I'm trying to find any records in table customers where the name does not contain letters. The following is what I am using. When ran, it doesn't return any records found. Would someone point out my mistake, please?

    table customers {
    name = Еarnings on thе Intеrnet from
    }

    SELECT name from customers WHERE name NOT REGEXP '[a-zA-Z]' ; 

Solution

  • If I compare a string using REGEXP '[a-zA-Z]', it matches if any character in the string matches a letter in that regexp. The string you show does contain letters like a, r, n, i, g, s. Any one of those is enough to satisfy the REGEXP comparison.

    mysql> select 'Еarnings on thе Intеrnet from' REGEXP '[a-zA-Z]' as ok;
    +----+
    | ok |
    +----+
    |  1 |
    +----+
    1 row in set (0.00 sec)
    

    The negation NOT REGEXP is the same as NOT (expr REGEXP pattern). It simply reverses the result 1 for 0, or 0 for 1.

    mysql> select 'Еarnings on thе Intеrnet from' NOT REGEXP '[a-zA-Z]' as ok;
    +----+
    | ok |
    +----+
    |  0 |
    +----+
    

    You said you want to match names that do not contain letters. What I think you mean is that you want to match names that contain any characters that are not letters, which is a different test.

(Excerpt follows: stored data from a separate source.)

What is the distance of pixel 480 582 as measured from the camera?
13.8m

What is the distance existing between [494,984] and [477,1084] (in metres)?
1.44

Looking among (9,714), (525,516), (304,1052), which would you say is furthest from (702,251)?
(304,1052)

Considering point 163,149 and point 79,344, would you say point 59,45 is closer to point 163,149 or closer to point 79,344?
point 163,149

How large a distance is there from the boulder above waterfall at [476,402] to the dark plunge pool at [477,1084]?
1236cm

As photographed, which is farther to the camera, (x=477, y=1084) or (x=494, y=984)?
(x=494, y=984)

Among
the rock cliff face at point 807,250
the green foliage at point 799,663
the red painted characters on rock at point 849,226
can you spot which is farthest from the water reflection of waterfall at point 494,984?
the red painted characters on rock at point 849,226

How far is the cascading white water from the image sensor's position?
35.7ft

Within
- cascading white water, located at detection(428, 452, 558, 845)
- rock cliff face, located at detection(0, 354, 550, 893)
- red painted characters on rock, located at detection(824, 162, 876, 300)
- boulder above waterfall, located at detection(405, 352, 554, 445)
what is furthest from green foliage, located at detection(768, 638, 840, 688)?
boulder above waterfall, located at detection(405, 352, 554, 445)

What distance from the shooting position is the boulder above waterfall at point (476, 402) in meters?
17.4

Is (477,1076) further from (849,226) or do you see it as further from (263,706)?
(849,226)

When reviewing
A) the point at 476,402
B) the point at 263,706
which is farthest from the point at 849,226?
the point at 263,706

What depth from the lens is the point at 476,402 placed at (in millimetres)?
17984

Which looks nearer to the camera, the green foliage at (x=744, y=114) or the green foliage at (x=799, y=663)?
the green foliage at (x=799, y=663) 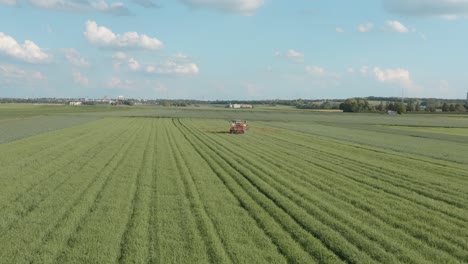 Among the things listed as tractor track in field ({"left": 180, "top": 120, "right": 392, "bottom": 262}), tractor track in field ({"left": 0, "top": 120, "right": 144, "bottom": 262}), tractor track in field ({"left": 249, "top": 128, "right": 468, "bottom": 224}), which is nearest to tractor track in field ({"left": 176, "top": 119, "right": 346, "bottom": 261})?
tractor track in field ({"left": 180, "top": 120, "right": 392, "bottom": 262})

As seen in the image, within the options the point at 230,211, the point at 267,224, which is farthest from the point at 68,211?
the point at 267,224

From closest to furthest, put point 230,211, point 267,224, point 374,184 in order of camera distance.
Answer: point 267,224 → point 230,211 → point 374,184

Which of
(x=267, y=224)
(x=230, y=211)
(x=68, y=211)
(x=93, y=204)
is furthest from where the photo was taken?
(x=93, y=204)

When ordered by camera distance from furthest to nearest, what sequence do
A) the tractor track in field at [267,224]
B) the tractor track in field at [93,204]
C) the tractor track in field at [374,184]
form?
1. the tractor track in field at [374,184]
2. the tractor track in field at [93,204]
3. the tractor track in field at [267,224]

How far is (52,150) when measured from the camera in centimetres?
2761

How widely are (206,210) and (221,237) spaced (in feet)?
8.24

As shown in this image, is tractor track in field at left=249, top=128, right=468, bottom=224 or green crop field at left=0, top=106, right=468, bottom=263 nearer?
green crop field at left=0, top=106, right=468, bottom=263

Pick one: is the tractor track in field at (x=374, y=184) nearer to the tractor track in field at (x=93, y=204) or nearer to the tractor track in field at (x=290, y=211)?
the tractor track in field at (x=290, y=211)

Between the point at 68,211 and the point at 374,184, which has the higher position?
the point at 68,211

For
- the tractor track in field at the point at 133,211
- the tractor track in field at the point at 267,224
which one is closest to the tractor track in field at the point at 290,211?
the tractor track in field at the point at 267,224

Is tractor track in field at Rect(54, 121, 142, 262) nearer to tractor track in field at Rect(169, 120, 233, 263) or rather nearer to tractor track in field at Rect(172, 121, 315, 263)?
tractor track in field at Rect(169, 120, 233, 263)

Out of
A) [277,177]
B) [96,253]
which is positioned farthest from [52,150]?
[96,253]

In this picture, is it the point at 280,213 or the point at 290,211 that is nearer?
the point at 280,213

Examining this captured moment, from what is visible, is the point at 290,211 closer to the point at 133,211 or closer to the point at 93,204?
the point at 133,211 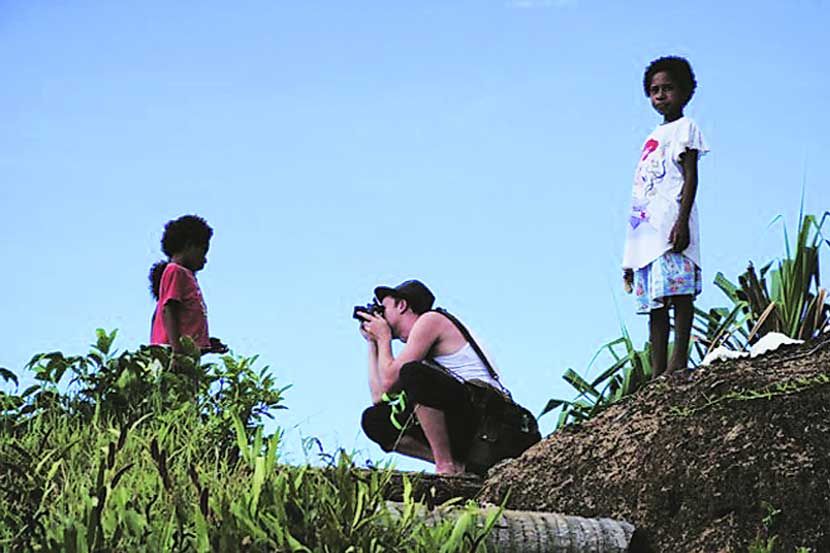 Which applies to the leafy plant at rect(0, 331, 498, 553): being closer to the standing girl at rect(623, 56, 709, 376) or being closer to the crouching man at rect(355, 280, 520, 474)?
the crouching man at rect(355, 280, 520, 474)

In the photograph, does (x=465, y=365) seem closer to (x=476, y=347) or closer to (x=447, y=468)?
(x=476, y=347)

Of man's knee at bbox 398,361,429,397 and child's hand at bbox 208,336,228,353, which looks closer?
man's knee at bbox 398,361,429,397

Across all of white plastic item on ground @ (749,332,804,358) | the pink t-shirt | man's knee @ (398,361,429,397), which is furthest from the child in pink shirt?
white plastic item on ground @ (749,332,804,358)

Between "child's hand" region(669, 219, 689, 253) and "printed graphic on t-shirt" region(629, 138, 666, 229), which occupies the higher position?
"printed graphic on t-shirt" region(629, 138, 666, 229)

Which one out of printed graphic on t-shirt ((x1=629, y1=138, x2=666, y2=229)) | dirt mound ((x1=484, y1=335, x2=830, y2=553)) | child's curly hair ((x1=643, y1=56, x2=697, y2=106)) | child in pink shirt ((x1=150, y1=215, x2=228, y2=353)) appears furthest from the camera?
child's curly hair ((x1=643, y1=56, x2=697, y2=106))

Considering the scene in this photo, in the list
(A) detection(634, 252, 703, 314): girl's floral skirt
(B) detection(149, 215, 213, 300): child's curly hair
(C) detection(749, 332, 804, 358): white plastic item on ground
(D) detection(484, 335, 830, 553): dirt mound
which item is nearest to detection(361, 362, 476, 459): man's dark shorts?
(D) detection(484, 335, 830, 553): dirt mound

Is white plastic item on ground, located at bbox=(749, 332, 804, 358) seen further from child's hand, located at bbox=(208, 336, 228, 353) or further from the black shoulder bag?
child's hand, located at bbox=(208, 336, 228, 353)

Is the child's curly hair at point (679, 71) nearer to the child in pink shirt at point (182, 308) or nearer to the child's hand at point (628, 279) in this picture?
the child's hand at point (628, 279)

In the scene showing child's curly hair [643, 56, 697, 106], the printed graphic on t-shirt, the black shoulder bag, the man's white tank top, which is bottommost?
the black shoulder bag

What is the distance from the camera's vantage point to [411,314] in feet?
24.0

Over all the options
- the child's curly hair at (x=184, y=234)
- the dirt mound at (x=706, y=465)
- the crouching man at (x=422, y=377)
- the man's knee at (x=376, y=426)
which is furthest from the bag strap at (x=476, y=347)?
the child's curly hair at (x=184, y=234)

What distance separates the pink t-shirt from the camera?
24.1ft

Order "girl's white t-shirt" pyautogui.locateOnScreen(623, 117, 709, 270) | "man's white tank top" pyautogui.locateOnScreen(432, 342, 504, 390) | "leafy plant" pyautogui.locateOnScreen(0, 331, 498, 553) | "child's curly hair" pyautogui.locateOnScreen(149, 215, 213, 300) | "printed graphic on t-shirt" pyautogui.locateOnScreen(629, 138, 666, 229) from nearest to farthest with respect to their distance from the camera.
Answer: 1. "leafy plant" pyautogui.locateOnScreen(0, 331, 498, 553)
2. "man's white tank top" pyautogui.locateOnScreen(432, 342, 504, 390)
3. "girl's white t-shirt" pyautogui.locateOnScreen(623, 117, 709, 270)
4. "printed graphic on t-shirt" pyautogui.locateOnScreen(629, 138, 666, 229)
5. "child's curly hair" pyautogui.locateOnScreen(149, 215, 213, 300)

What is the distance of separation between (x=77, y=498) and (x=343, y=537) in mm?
979
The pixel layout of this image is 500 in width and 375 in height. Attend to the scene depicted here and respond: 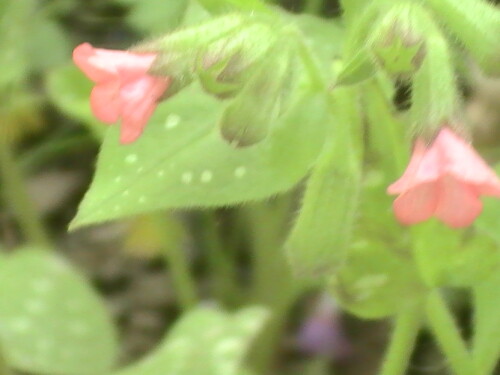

    mysql> select 'Еarnings on thе Intеrnet from' REGEXP '[^a-zA-Z]' as ok;
    +----+
    | ok |
    +----+
    |  1 |
    +----+
    

    The characters Ð • µ are not in the range [a-zA-Z] and the way to express the complementary range of characters is to use [^a-zA-Z]. That is, with the ^ character inside the square brackets, a character would match if it is NOT one of the characters in that range.

    See also https://dev.mysql.com/doc/refman/8.0/en/regexp.html#regexp-syntax under the item:

    • [a-dX], [^a-dX]

    Re your comment:

    I tested checking for the characters you mention, including space, apostrophe, dot, and dash:

    mysql> select 'Mr. Tim O''Toole' regexp '[^a-zA-Z \'.-]' as ok;
    +----+
    | ok |
    +----+
    |  0 |
    +----+
    
    mysql> select 'Mr. Tim $ O''Toole' regexp '[^a-zA-Z \'.-]' as ok;
    +----+
    | ok |
    +----+
    |  1 |
    +----+
    

    You don't need to put a backslash before the -, but it does need to be handled specially:

    To include a literal - character, it must be written first or last.

    This is in the documentation I linked to.